Il ritorno dei David in Rai

Tutto sembrava organizzato perché la Tv di Stato riuscisse a risollevare l'interesse del suo pubblico per lo storico premio cinematografico. A cominciare dal conduttore, Carlo Conti, volto dell'azienda per eccellenza, forte dell'autorevolezza conferitagli da tre Sanremo di grande successo e di un'esperienza sconfinata per questo genere di serate (Conti, in Rai, ha davvero condotto qualsiasi cosa).

Un Carlo Conti non in giornata

Così non è stato, e l'ostracismo culturale radical verso qualunque cosa porti il marchio Rai non c'entra. La serata televisiva è stata disarmonica, affrettata, a tratti indecorosa per i momenti di imbarazzo generati. Sorprende che uno dei punti deboli sia stato proprio il conduttore, uno dei volti televisivi più affidabili attualmente presenti in tv. La sua migliore dote, quella dell'essenzialità come chiave interpretativa di un programma tv, più che venire a mancare non ha trovato un punto di incontro con i tempi della cerimonia.

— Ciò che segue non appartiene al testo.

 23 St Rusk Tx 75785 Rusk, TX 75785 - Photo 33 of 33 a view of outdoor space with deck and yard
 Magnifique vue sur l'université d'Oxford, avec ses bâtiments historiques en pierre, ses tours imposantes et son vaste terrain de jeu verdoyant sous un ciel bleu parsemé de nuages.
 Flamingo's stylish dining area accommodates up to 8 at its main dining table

Per buona parte della serata ci si è chiesti perché si stesse correndo così tanto o perché si procedesse così a rilento. Col risultato che molti momenti sono stati eccessivamente compressi, ai limiti con la sgradevolezza per quanto fossero sbrigativi i modi, mentre altri sono durati un'eternità. E si deve ammettere che Conti non era in formissima, o almeno non lo erano gli autori, perché ripetere a Giorgia, Malika Ayane e Carmen Consoli la stessa domanda non è proprio un trionfo di fantasia. Non doveva essere in giornata nemmeno la regia, che ha pensato di mandare il nero pubblicitario sugli applausi per Villaggio, Moschin e Bacalov, morti quest'anno.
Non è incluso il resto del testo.